In accepting a foreign Power as guarantor, the Chinese Government rendered itself responsible to that Power only, and placed her financial and, above all, her political independence in far greater peril than she could have done had she negotiated directly with individual capitalists of various nationalities, whose pressure, in case of non-payment, would have been considerably weakened by the inevitable differences which would subsist between their Governments. This danger seems to have been thoroughly understood at Peking, where the necessary documents were not signed until the expiration of the last day’s delay granted by Russia, and then only under extreme pressure, because the Chinese Government had evidently failed to find assistance elsewhere.

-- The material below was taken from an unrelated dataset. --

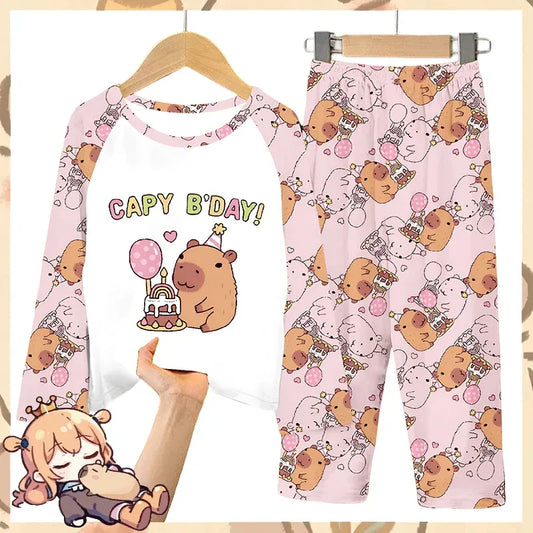 Cozy Capybara Printed Kids Pajama Set With Soft Long Sleeve Top And Pants - ToylandEU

The Government of St. Petersburg, well pleased with this success, proceeded to strengthen its policy in China by further financial operations, and with the assistance of the Bank of Russia next created the Russo-Chinese Bank, Parisian financiers supplying the greater part of the capital, but leaving the direction of affairs almost exclusively in Russian hands. The Comptoir d’Escompte transferred its agencies in China to Russia, and the new bank established at the same time branches at Peking, Tien-tsin, Shanghai, and Hankow. Since then this bank has continued to be the principal agent of Russian influence in China, and undoubtedly it was at first almost entirely through its mediation that Russia negotiated the concession of the East Chinese Railway, which enabled her to continue her Trans-Siberian Railway southward through Manchuria, thus shortening the original line by several hundred miles, and enabling it to pass within 350 miles of the Gulf of Pe-chi-li. Russia, moreover, obtained the authorization to protect the works by her own troops, whereby she made herself mistress of Manchuria, whence she was able to dominate Peking until events allowed her to occupy Liao-tung.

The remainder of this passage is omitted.